Is this Samson strong enough to crush the competition?

Record and Artist Details

Composer or Director: George Frideric Handel

Genre:

Vocal

Label: Carus

Media Format: Super Audio CD

Media Runtime: 0

Mastering:

Stereo
DDD

Catalogue Number: CARUS83425

Tracks:

Composition Artist Credit
Samson George Frideric Handel, Composer
Franziska Gottwald, Contralto (Female alto)
George Frideric Handel, Composer
Göttingen Festival Orchestra
Nicholas McGegan, Conductor
North German Radio Chorus
Sophie Daneman, Soprano
Thomas Cooley, Tenor
William Berger, Bass
Samson is unquestionably Handel’s most ambitious English dramatic oratorio, and at its first appearance in 1743 eclipsed the first London performances of Messiah. Skilfully adapted from verses by Milton, it is one of the composer’s most challenging and problematic epics for performers. The most common pitfall is adopting a ponderous pace for the long first part in which the blinded captive title-hero bitterly bewails his fate.

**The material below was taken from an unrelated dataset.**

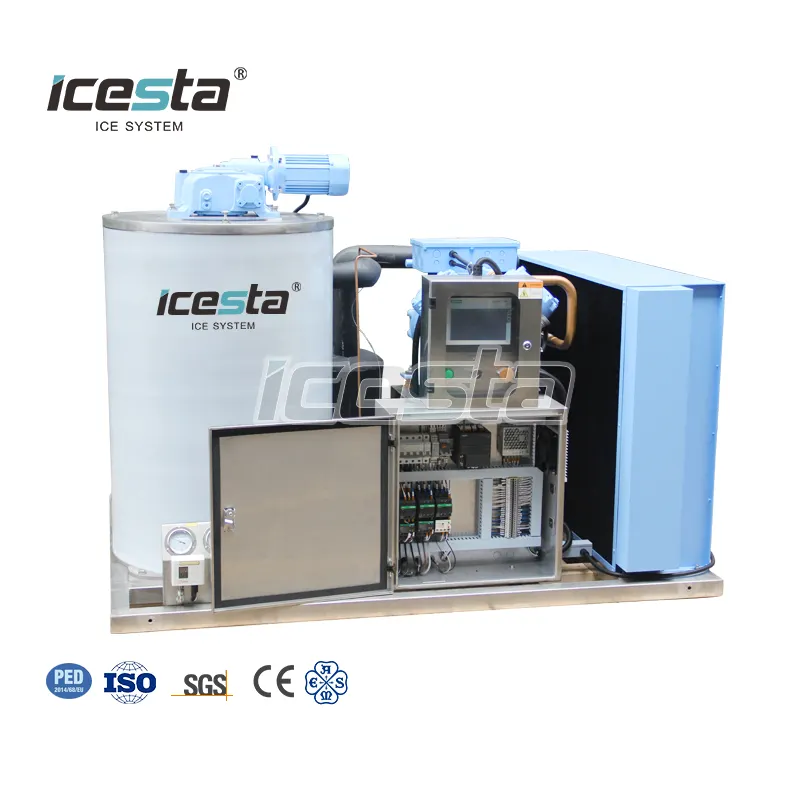 ICESTA automatique haute productivité flocon de glace en acier inoxydable refroidissement par air 3 tonnes machine à glace industrielle en flocon pour poisson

As in all previous recordings, this performance drags its heels too much in contemplative recitatives. Also, the copious use of organ continuo is soporific. This is a pity because Nicholas McGegan’s pacing and conducting of the arias and choruses in all other respects is exemplary. The Göttingen Handel Festival Orchestra play with plenty of expertise and personality: the trumpet parts in “Awake the trumpet’s lofty sound” have seldom sounded so splendid, the flutes and horns in the Dead March achieve ideal sonorities, and the string ritornello in Dalila’s “To fleeting pleasures” is imaginatively shaped. The scene in which the Philistines are heard dying in the distance is brilliantly executed by the orchestra, and trumpeter David Staff does an admirably bold yet unfussy job of “Let the bright seraphim”. The North German Radio Chorus is heavy-handed and a bit too full-blooded at times. Apart from the sensitively balanced choral elegy “Glorious hero”, the more sublime choruses (eg “Hear Jacob’s God”) do not match the streamlined blend from The Sixteen on Harry Christophers’s recording, although McGegan finds a greater amount of dramatic details and expressive nuances in Handel’s instrumental writing.

Thomas Cooley is the finest Samson on disc since Anthony Rolfe Johnson (on Harnoncourt’s otherwise dodgy version), sensitively singing his farewell aria “Thus when the sun”, but also bringing plenty of colour and animation to athletic music. William Berger sings Manoa’s “How willing my paternal love” with tenderness, and Sophie Daneman is on sparkling form as Dalila (she is less enlivened as an Israelite). The only weak link is Franziska Gottwald’s bland Micah (“Return O God of hosts” is underwhelming, and her Teutonic delivery of recitatives is cumbersome). This live recording made at Dresden’s Frauenkirche offers plenty of exciting and near-ideal interpretations of many individual moments, and so it is now the best interpretation of some aspects of Samson on disc, although its few drawbacks prevent it from knocking The Sixteen’s version off its perch.